Stored items:
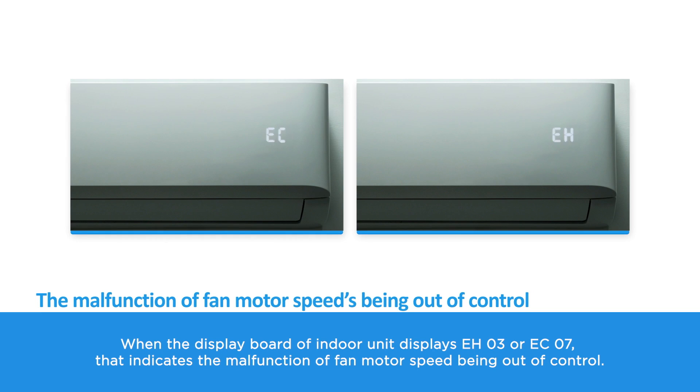When the display board of the indoor unit displays EH03 or EC07, that indicates the malfunction of fan motor speed being out of control.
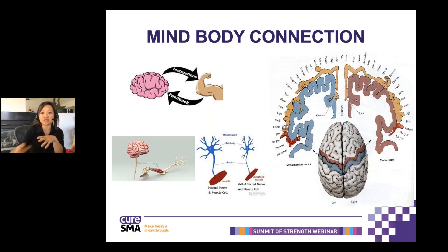What happens in the brain is that you have the sensory and the motor cortex communicating so that your body knows where your hands and legs are at all times, and then the motor portion helps move them. With SMA, depending how long you've had the disease, your muscle may have fallen asleep, and you have to wake it up to remind it that it needs to help you move. It's kind of dormant, so there are different ways that we give feedback for the muscles to wake up to move.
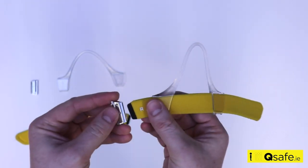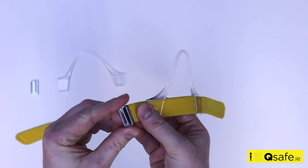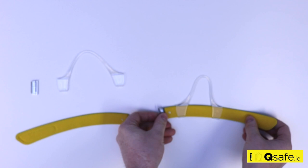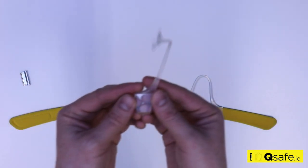Fully insert the black plastic gripper end of the headband strap into the silver clasp and close firmly. Then reassemble the left headband.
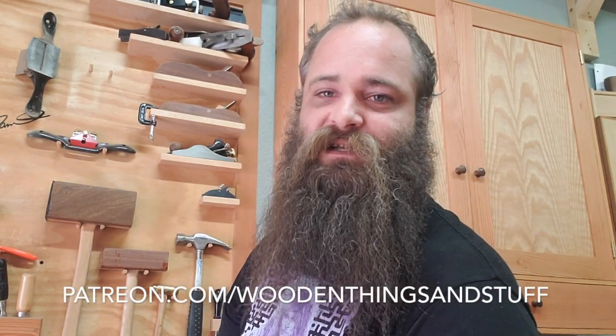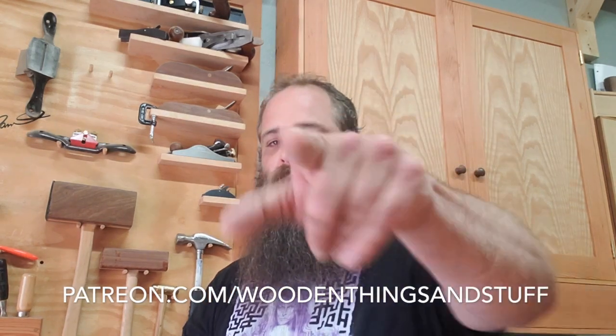Anyway, thanks for watching. See you next time. Stay happy, stay healthy, stay safe. If you like what I do here, don't forget I have a Patreon page — you can go check out how you can help me out at patreon.com/woodenthingsandstuff. I gotta go back to making stuff. I thought about this tip and I should pass it along because it's going to help somebody.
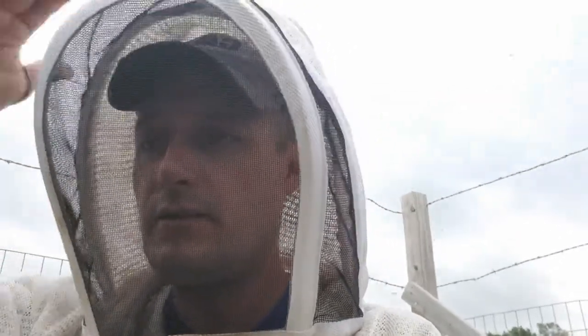Hey there northern beekeepers, welcome back. September 21st today, we're in the home yard. Gonna look in a couple of my nucs here — one of them had a virgin queen in a couple weeks ago, I want to see if she is laying a little bit, and just check on the health of a couple other hives next to it.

**Required action:** Your job is to repeat every entry exactly, keeping all pictures out of the copy.

**Answer to the problem:**
When the display board of the indoor unit displays EH03 or EC07, that indicates the malfunction of fan motor speed being out of control.
What happens in the brain is that you have the sensory and the motor cortex communicating so that your body knows where your hands and legs are at all times, and then the motor portion helps move them. With SMA, depending how long you've had the disease, your muscle may have fallen asleep, and you have to wake it up to remind it that it needs to help you move. It's kind of dormant, so there are different ways that we give feedback for the muscles to wake up to move.
Fully insert the black plastic gripper end of the headband strap into the silver clasp and close firmly. Then reassemble the left headband.
Anyway, thanks for watching. See you next time. Stay happy, stay healthy, stay safe. If you like what I do here, don't forget I have a Patreon page — you can go check out how you can help me out at patreon.com/woodenthingsandstuff. I gotta go back to making stuff. I thought about this tip and I should pass it along because it's going to help somebody.
Hey there northern beekeepers, welcome back. September 21st today, we're in the home yard. Gonna look in a couple of my nucs here — one of them had a virgin queen in a couple weeks ago, I want to see if she is laying a little bit, and just check on the health of a couple other hives next to it.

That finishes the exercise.